START Recorded information

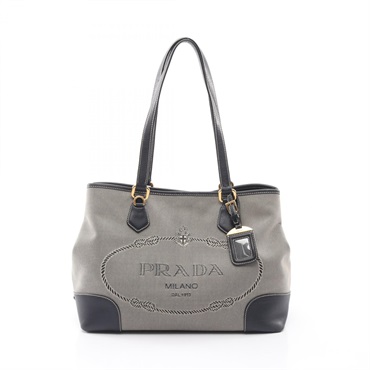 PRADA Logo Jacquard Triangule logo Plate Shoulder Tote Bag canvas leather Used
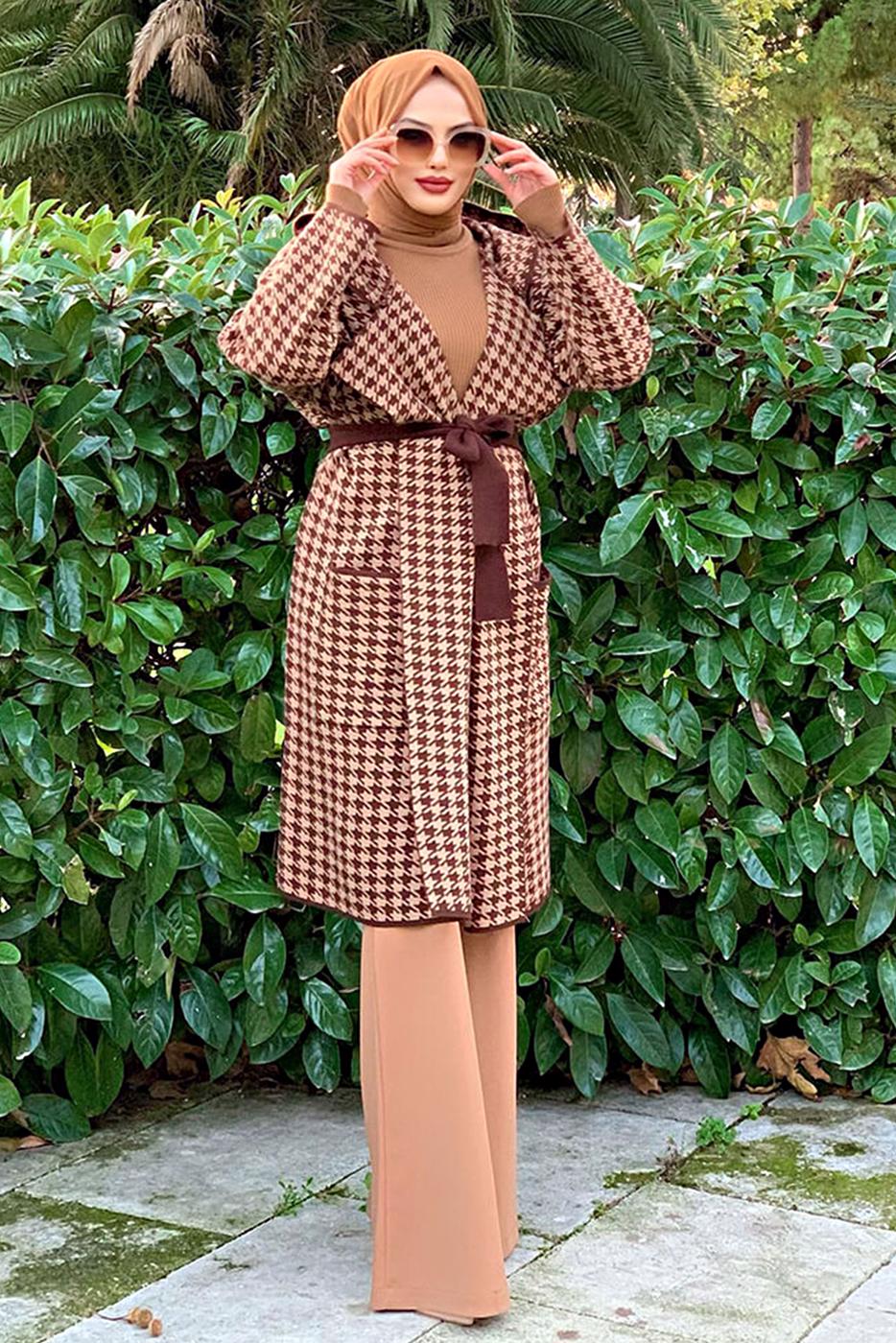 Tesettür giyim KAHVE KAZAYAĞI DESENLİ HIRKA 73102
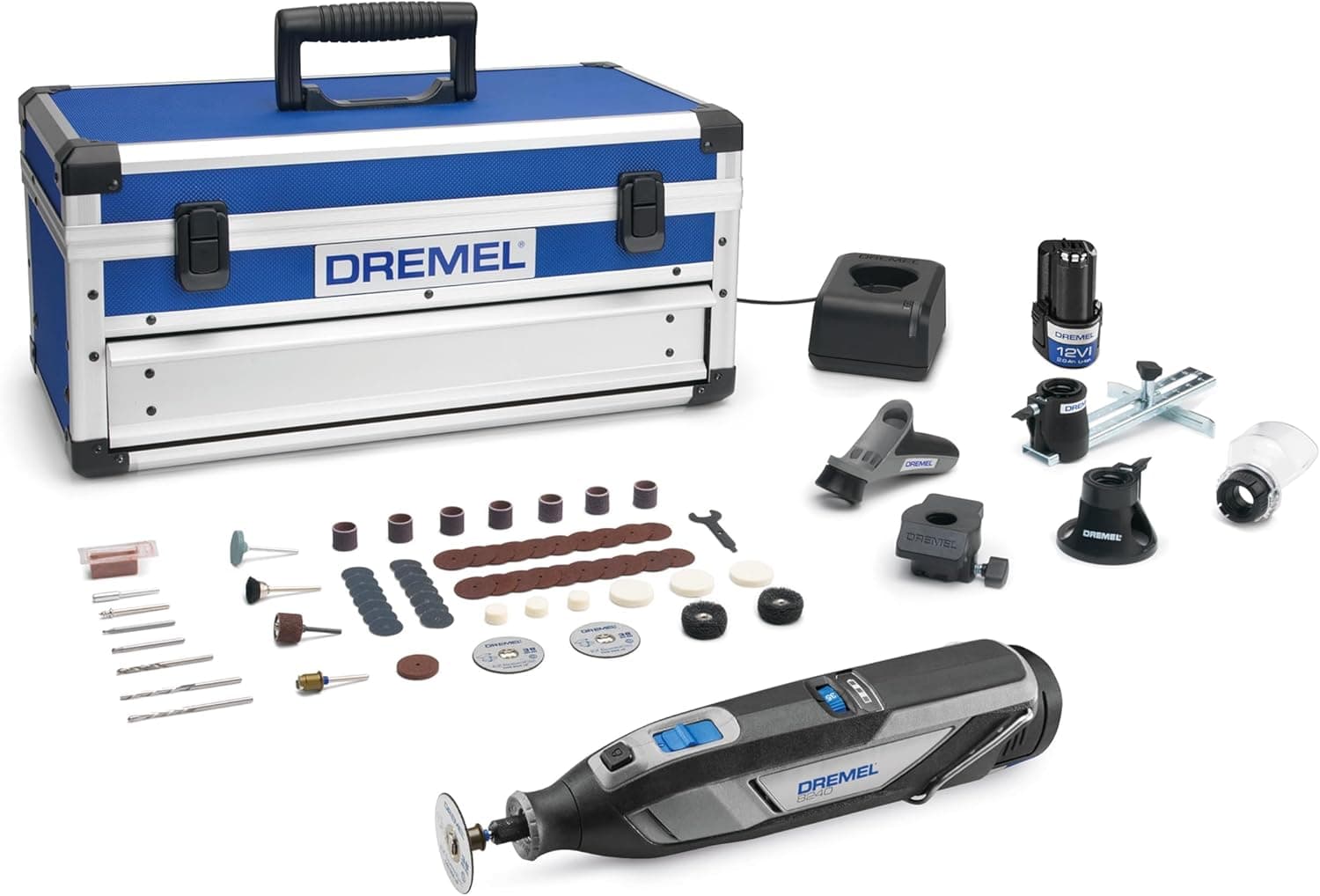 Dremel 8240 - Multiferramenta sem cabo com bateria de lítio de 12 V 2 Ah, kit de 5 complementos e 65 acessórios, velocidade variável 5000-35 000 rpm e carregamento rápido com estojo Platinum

END Recorded information

Begin at the first line of the listing and print each line exactly. Stop after the line containing "Tesettür giyim KAHVE", and omit all pictures.

→ Your response:
 PRADA Logo Jacquard Triangule logo Plate Shoulder Tote Bag canvas leather Used
 Tesettür giyim KAHVE KAZAYAĞI DESENLİ HIRKA 73102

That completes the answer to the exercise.